Question: it seems like each instruction can only have one post symbol attached to it, so is it possible that I’m going to replace an existing one? Should the API be “get or set” instead?

See ⚙ D50833 [x86/MIR] Implement support for pre- and post-instruction symbols, as well as MIR parsing support for `MCSymbol` `MachineOperand`s. for why the current API looks the way it does.

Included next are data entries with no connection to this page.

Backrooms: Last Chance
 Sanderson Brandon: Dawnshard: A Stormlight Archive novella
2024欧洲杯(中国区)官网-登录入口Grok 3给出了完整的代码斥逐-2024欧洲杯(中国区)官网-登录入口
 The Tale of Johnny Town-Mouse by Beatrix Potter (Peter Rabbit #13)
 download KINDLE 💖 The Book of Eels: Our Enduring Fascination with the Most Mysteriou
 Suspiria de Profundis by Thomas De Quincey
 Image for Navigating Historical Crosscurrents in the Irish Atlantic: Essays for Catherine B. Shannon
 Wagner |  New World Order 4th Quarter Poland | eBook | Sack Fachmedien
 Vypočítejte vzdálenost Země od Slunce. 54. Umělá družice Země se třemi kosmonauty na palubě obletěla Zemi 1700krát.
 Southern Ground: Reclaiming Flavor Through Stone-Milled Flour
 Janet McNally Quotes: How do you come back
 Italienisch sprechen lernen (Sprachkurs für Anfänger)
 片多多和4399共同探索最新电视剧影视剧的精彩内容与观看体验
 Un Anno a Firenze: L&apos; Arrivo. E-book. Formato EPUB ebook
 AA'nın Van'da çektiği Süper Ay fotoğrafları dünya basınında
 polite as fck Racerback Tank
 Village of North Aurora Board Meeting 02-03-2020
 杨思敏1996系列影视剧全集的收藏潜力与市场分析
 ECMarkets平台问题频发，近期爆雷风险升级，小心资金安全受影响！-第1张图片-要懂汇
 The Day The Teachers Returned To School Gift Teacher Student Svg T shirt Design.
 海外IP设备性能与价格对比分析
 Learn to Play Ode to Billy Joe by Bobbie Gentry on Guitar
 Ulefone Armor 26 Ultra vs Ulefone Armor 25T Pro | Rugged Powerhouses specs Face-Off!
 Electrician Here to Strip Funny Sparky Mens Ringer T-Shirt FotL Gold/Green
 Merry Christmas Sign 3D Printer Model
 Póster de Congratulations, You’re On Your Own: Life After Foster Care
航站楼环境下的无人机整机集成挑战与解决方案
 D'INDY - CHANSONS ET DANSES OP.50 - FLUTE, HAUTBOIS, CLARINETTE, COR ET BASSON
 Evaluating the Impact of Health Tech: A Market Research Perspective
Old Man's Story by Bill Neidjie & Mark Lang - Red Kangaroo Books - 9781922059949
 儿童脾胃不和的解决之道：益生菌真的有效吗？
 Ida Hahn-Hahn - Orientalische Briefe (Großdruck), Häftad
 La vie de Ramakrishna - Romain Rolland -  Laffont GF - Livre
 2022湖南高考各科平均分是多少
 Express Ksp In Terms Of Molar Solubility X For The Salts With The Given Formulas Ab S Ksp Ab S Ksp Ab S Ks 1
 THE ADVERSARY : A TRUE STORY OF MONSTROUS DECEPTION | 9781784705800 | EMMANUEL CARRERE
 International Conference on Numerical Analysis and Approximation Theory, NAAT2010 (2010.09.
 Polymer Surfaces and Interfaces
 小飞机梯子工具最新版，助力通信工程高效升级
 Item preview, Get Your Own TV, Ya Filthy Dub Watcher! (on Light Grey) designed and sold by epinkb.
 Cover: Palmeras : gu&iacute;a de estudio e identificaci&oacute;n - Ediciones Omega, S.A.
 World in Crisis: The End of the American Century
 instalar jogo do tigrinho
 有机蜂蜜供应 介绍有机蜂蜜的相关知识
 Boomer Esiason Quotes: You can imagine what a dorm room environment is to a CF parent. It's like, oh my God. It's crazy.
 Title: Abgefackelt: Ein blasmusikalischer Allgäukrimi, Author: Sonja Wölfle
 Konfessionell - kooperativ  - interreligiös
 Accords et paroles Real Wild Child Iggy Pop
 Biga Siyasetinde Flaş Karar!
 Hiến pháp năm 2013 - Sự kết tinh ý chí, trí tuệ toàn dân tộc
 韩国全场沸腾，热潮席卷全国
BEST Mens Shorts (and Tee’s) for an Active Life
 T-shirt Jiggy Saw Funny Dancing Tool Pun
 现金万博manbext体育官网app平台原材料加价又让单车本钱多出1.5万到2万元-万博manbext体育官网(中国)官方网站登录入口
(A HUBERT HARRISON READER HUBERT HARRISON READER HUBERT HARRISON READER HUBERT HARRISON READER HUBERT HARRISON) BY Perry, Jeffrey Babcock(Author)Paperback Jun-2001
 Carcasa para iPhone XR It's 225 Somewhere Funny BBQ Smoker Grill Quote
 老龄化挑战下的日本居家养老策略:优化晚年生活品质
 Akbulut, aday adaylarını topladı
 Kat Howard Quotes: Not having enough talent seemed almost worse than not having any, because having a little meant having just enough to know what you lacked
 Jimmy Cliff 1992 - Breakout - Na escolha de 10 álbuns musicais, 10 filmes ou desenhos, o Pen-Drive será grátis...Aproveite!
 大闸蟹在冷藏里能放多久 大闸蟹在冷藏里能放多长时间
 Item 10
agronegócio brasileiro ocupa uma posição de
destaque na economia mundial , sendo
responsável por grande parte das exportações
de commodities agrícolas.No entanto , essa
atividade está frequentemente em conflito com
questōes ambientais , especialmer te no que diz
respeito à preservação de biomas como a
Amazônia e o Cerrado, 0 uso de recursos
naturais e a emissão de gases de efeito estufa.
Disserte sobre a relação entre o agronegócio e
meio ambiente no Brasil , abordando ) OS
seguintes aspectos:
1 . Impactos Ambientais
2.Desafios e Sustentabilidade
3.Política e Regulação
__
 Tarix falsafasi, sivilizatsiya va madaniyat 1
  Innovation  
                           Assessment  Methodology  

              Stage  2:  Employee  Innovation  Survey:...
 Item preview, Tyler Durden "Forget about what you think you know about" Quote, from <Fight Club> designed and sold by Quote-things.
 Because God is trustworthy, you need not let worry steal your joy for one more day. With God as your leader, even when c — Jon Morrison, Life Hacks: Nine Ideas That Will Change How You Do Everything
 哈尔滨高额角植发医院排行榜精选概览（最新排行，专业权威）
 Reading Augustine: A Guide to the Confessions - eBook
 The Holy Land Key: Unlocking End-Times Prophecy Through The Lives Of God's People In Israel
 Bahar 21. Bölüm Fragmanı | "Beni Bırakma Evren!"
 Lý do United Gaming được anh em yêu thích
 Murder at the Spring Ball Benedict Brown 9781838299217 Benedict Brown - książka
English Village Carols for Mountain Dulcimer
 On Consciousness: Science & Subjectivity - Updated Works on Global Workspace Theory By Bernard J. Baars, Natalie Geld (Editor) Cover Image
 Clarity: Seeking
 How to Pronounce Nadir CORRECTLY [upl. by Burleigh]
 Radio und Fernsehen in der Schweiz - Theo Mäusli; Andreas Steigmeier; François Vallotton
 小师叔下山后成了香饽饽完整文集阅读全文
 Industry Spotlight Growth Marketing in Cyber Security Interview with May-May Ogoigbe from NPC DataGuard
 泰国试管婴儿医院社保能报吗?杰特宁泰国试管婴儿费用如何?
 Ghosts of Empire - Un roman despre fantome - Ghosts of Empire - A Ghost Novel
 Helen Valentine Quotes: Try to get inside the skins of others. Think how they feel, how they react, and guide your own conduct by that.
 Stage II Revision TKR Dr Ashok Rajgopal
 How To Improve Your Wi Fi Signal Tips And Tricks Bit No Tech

Not sure anyone considered the possibility of needing multiple post-instruction symbols.

Ugh, this turned out to be much more annoying than I originally thought.

The big complication is that there’s no guarantee that the branch instruction is immediately preceded by the adrp+ldr pair: if the same function is immediately called twice then LLVM will reuse the address it just loaded (this gets even more complicate if that value gets spilled to the stack).

So, the last place that I have all the information that I need is AArch64ISelLowering, but at that point I don’t have MIs to attach a post-symbol to.

Seems like I have two choices at this point:

  1. Add a new psuedo-instruction and emit it just before the branch (and then hope it stays in the correct location).
  2. Expand NodeExtraInfo to add a way to note the GlobalValue that a given branch will be calling (if it is calling one).

I’d prefer option 2, since this is already being used for things like call-site info and I don’t have to worry about a psuedo-instruction drifting away from the real instruction, but I’m not sure if it’s considered ok to expand NodeExtraInfo, or if it’s something that folks were hoping to reduce/kill.